ブダペストオープンアクセスイニシアチブ(BOAI)は、学術研究の成果を誰もが無料でアクセスできるようにすることを目的とした国際的な取り組みです。2002年に発表され、研究者や教育者に公平な情報アクセスを提供し、知識の共有を促進します。この記事では、BOAIの定義や著作権における著者の権利、セルフアーカイブとオープンアクセスジャーナルの2つの戦略を詳しく解説します。

ブタペストオープンアクセスイニシアチブ(BOAI)とは?

BOAIが発足した背景と目的

ブダペストオープンアクセスイニシアチブ(Budapest Open Access Initiative:BOAI)とは、学術研究成果への無料でのアクセスを推進することを目的とした国際的な取り組みです。

ブダペストオープンアクセスイニシアチブ発足の経緯:

 2001年12月1-2日:ブダペストで、オープン・ソサエティ・インスティテュート主催のオープンアクセスに関する国際会議が開催され、そのなかでオープンアクセスに関する小規模かつ活発な会議が行われました。

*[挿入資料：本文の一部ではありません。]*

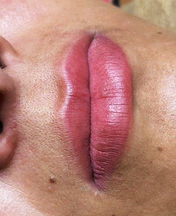 preenchimento labial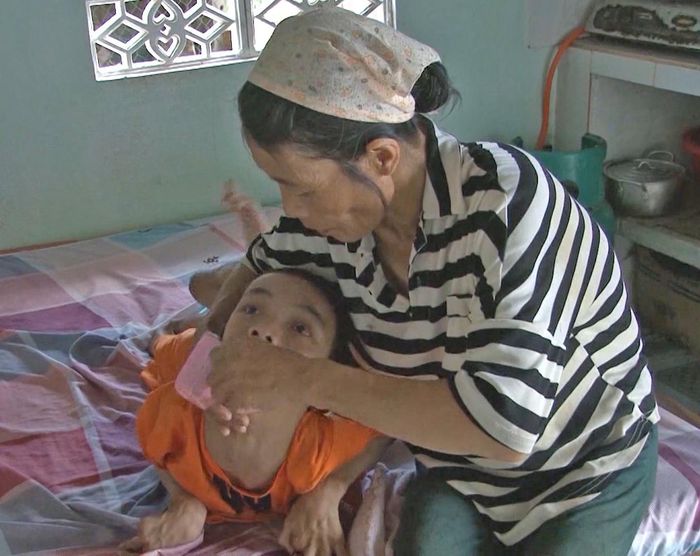 Hàng ngày, vợ chồng ông Lê Tấn Dũng thay nhau chăm sóc các con bị nhiễm chất độc da cam. Ảnh: Thiên Di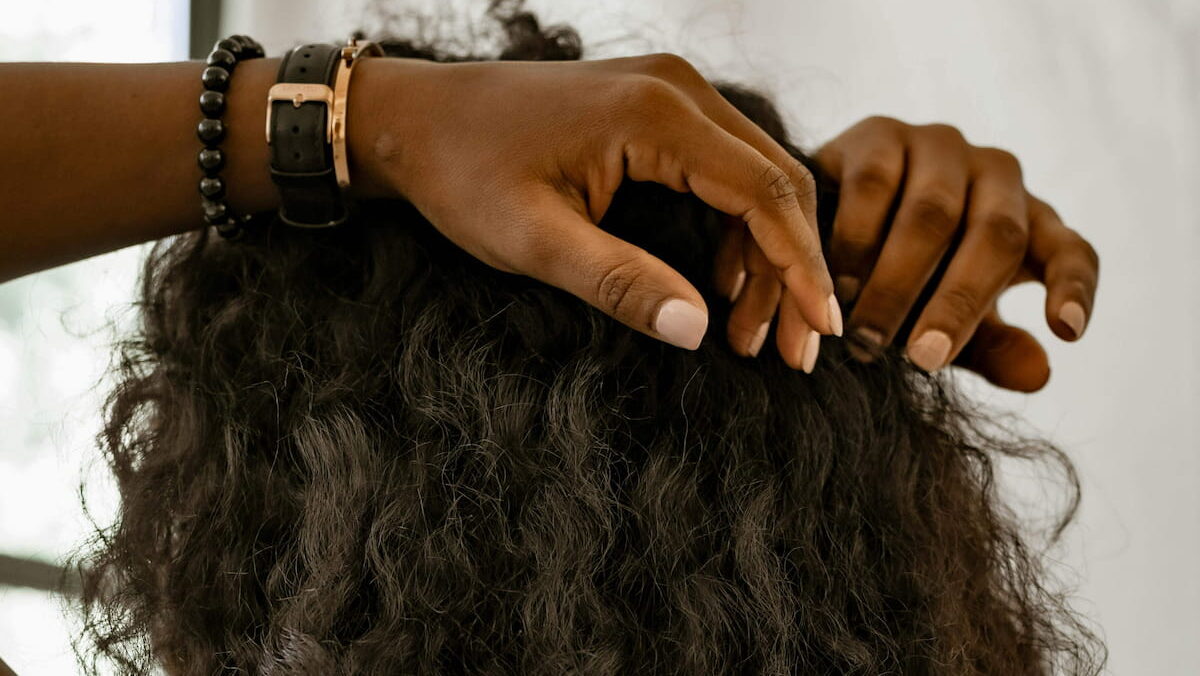 lupus hair loss
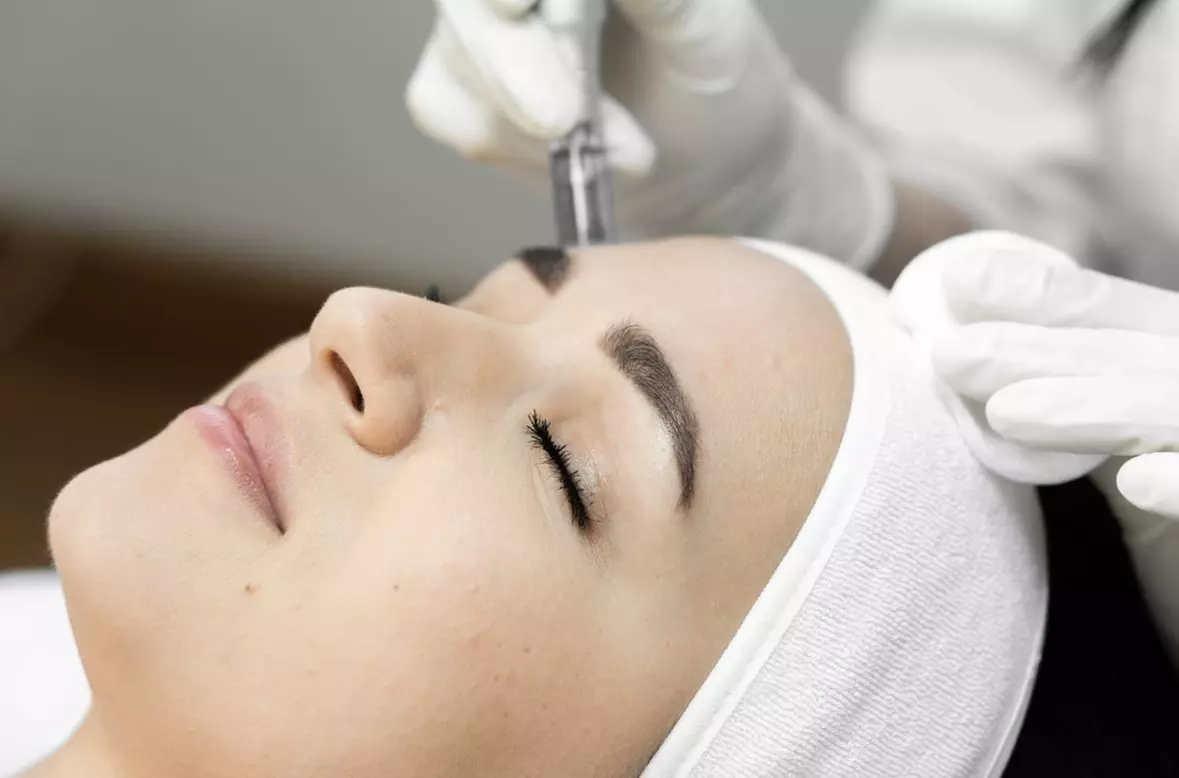 Up to 50% Off on Laser Skin Resurfacing - Branded at Elevated Image & Aesthetic Clinic - Primary Image
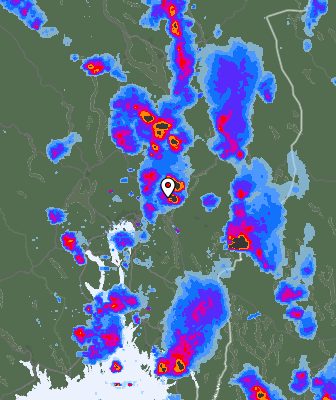Radar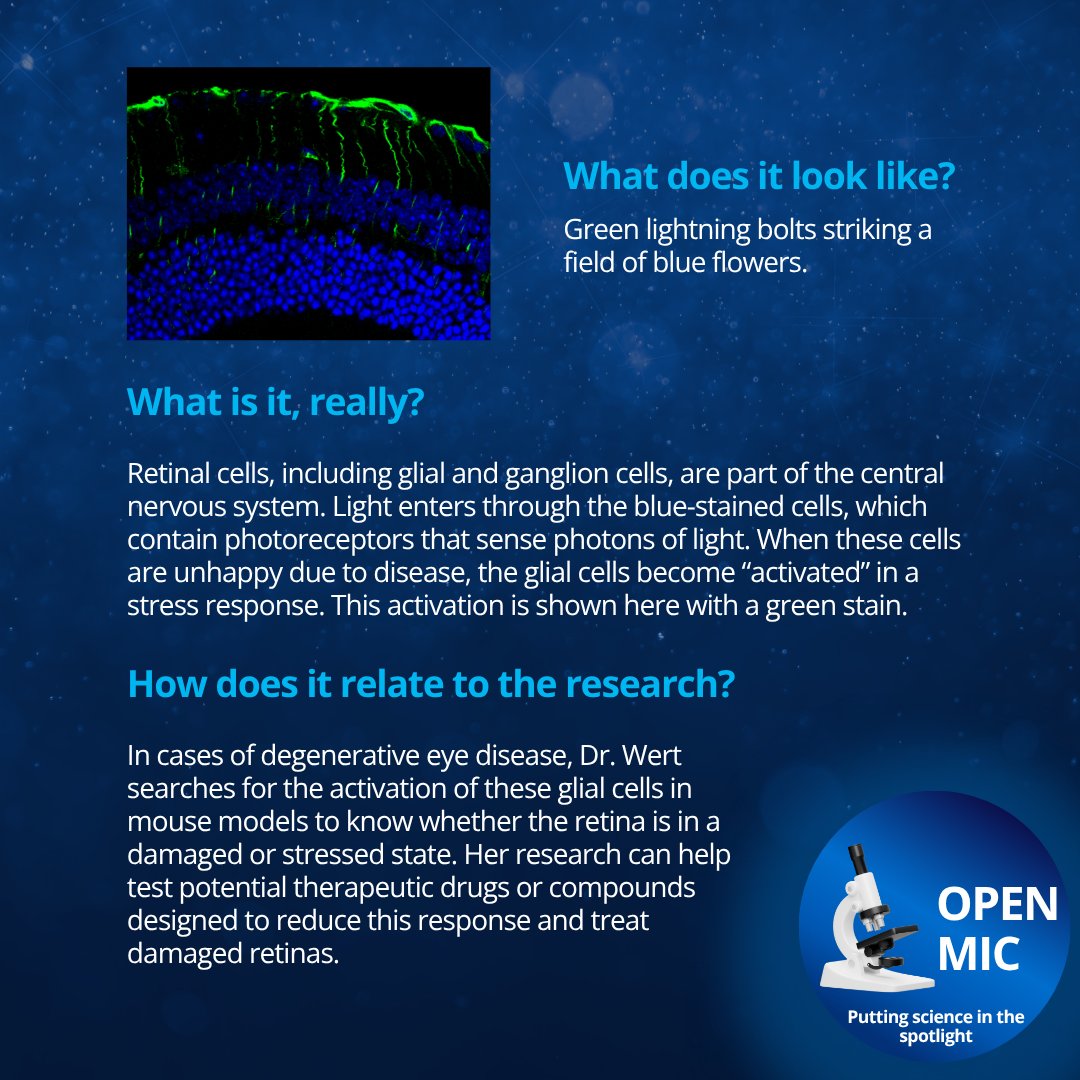 UTSWMedCenter's tweet image. (1/2) Welcome to another #OpenMic, where we magnify the work of #UTSouthwestern's brilliant researchers. This month, please welcome Katherine Wert, Ph.D., whose work focuses on the retina, or the light-sensitive layer at the back of the eye. @WertLaboratory
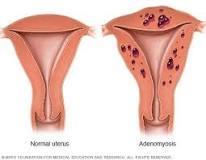 Adenomyosis Presence of ectopic nests of endometrial glands and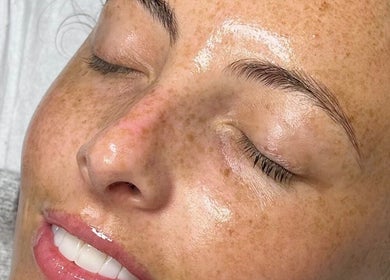 Radiant skin care result at LoLo in Horbury, England, GB, showcasing a glowing complexion.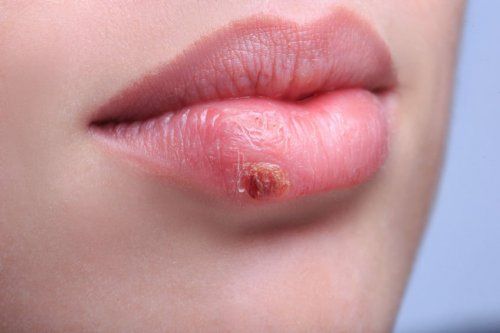 Remedios caseros para el herpes labial
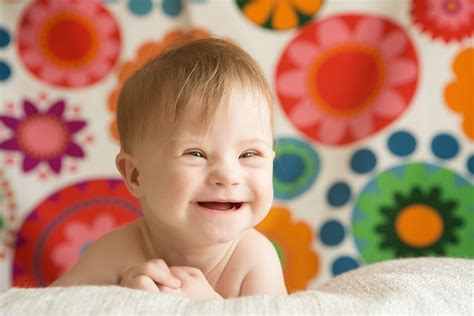 Bebê com síndrome de Down principais informações Vida Saudável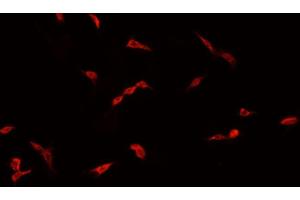 Immunofluorescence (fixed cells) (IF/ICC) image for anti-CREB Binding Protein (CREBBP) (C-Term) antibody (ABIN6260516)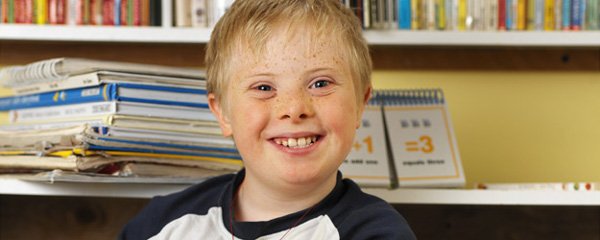 Crianças e bebês com Síndrome de Down Crianças e bebês com Síndrome de Down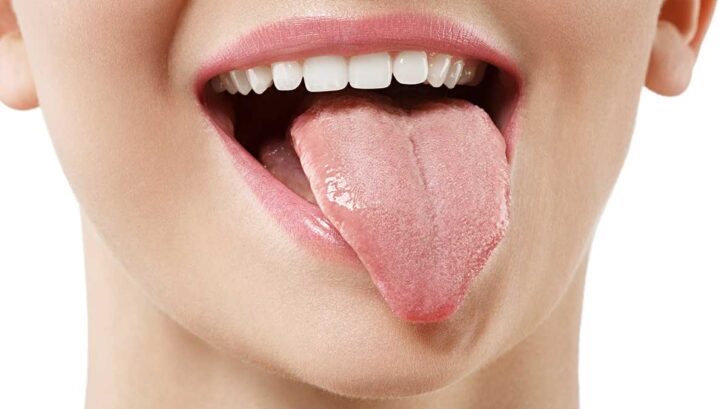 Causas de la lengua amarilla
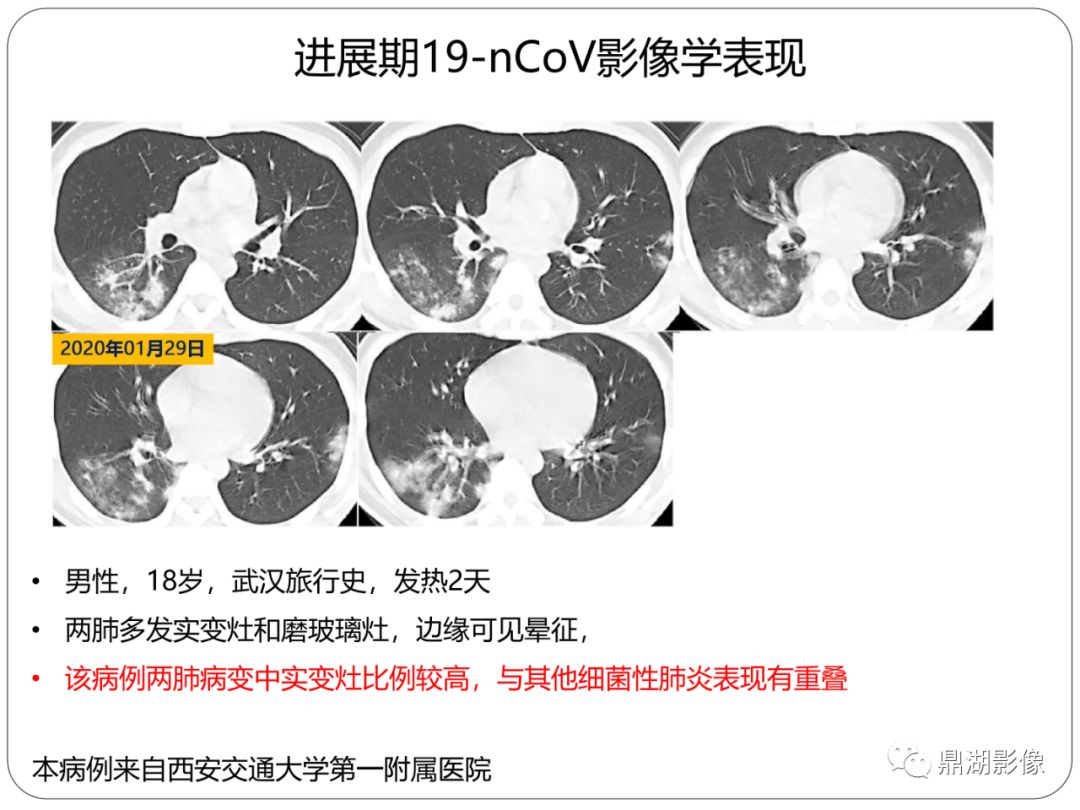 【PPT】新冠状病毒肺炎影像学诊断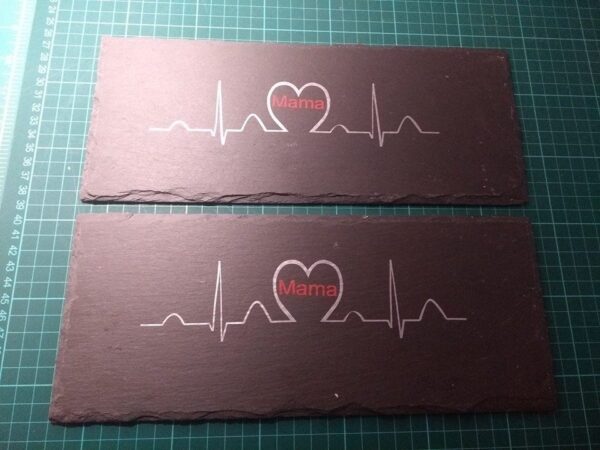 EKG sinus mit  Herz – Bild 3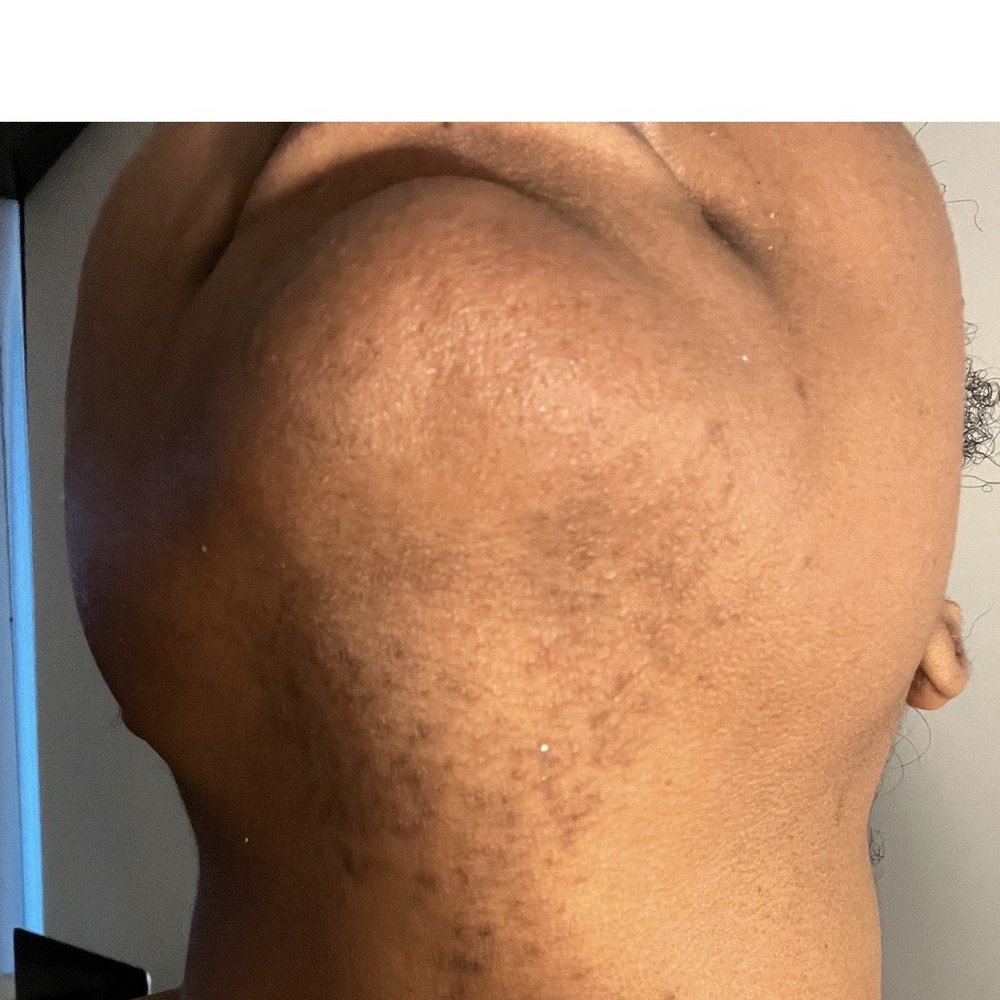 LaserAway - May 6, 2022 - Medical Spas Near Me - Chicago, Illinois
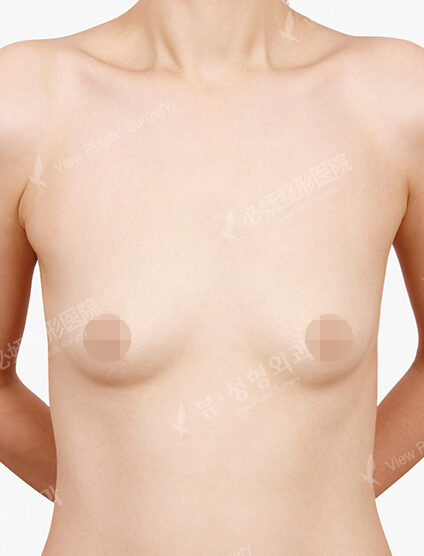 Breast Augmentation Tear Drop (4 Months) — Before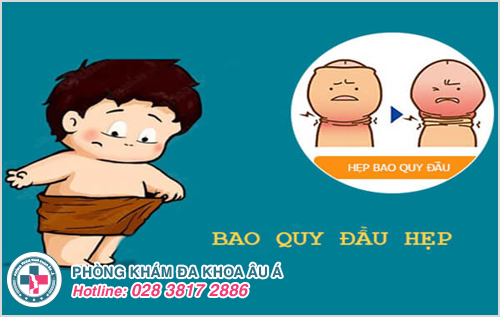 Hướng dẫn cách tự lột bao quy đầu tại nhà an toàn cho nam giới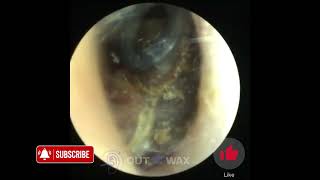 Narrow Ear Canal Makes Ear Wax Removal Harder  Out With The Wax [upl. by Lashonde177]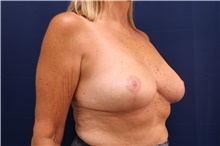 Breast Implant Removal After Photo by Lisa Jewell, MD, FACS; Torrance, CA - Case 47505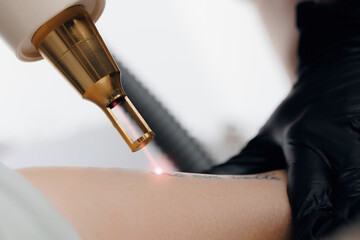Closeup laser tattoo removal from woman hand in salon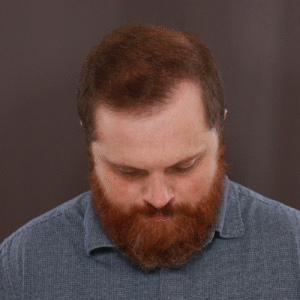 After Image: FUE & Neograft Hair Transplant Surgery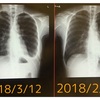 免疫治療薬オプジーボ投薬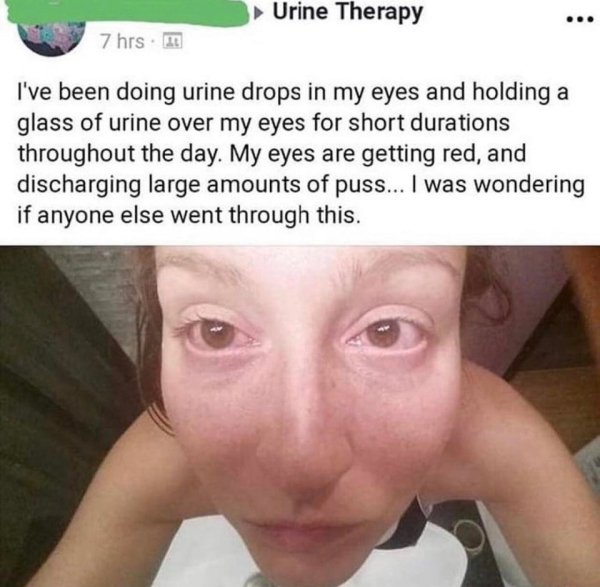 lip - Urine Therapy 7 hrs. I've been doing urine drops in my eyes and holding a glass of urine over my eyes for short durations throughout the day. My eyes are getting red, and discharging large amounts of puss... I was wondering if anyone else went throu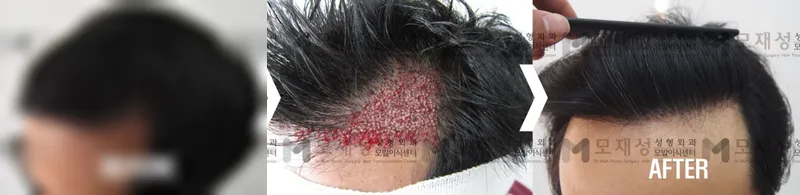 비절개 모발이식 1,920모낭 수술전후 가려진 수술 전 사진과 수술 후 사진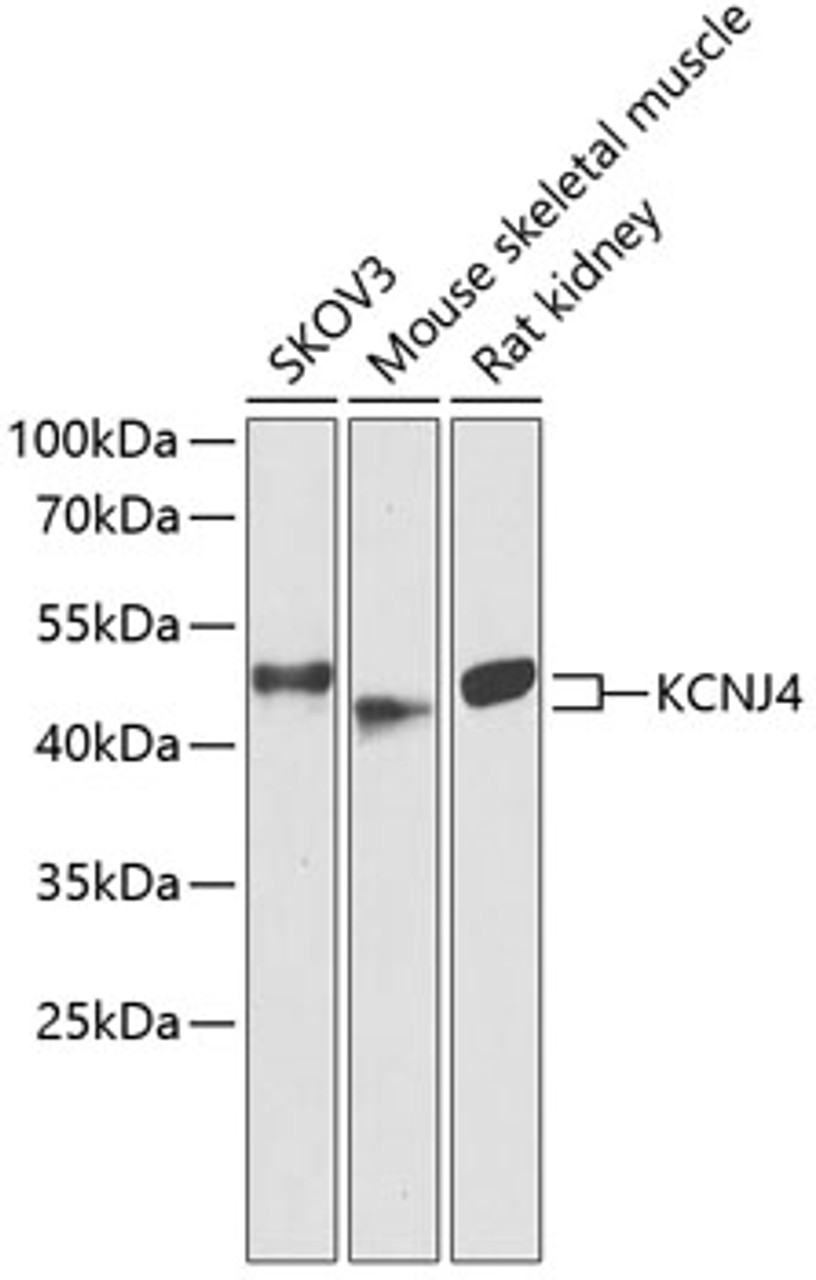 Western blot analysis of extracts of various cell lines, using KCNJ4 antibody (15-322) at 1:1000 dilution.<br/>Secondary antibody: HRP Goat Anti-Rabbit IgG (H+L) at 1:10000 dilution.<br/>Lysates/proteins: 25ug per lane.<br/>Blocking buffer: 3% nonfat dry milk in TBST.<br/>Detection: ECL Enhanced Kit.<br/>Exposure time: 30s.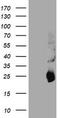 Metalloproteinase inhibitor 2 antibody, TA504043AM, Origene, Western Blot image 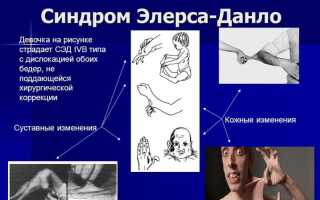 Как лечить синдром Элерса-Данлоса: советы и рекомендации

 2002年2月14日:翌年この会議での議論を基に、「ブダペスト・オープンアクセス・イニシアティブ(BOAI)宣言」が発表されました。

この宣言は一般に「ブダペスト宣言」とも呼ばれています。

ブダペスト宣言は、オープンアクセスの概念を明確に定義し、その実現方法を提案した文書です

この宣言は、従来の商業出版社による高額な購読料に依存した学術出版モデルに対抗し、研究成果が誰にでも無料でアクセス可能であるべきだという理念を示しました。


ブタペストオープンアクセスイニシアチブ(BOAI)の主な目標は、査読(ピアレビュー)を経た学術研究成果を、無料で誰もが利用できる形で公開することです。

これにより、経済的な制約や地域の違いにかかわらず、世界中の研究者や教育者が最新の学術情報にアクセスできる社会を目指しています

BOAIコンソーシアム

ブタペストオープンアクセスイニシアチブ(BOAI)は、研究者、教育機関、図書館、出版社、資金提供者からなる国際的なコンソーシアムです。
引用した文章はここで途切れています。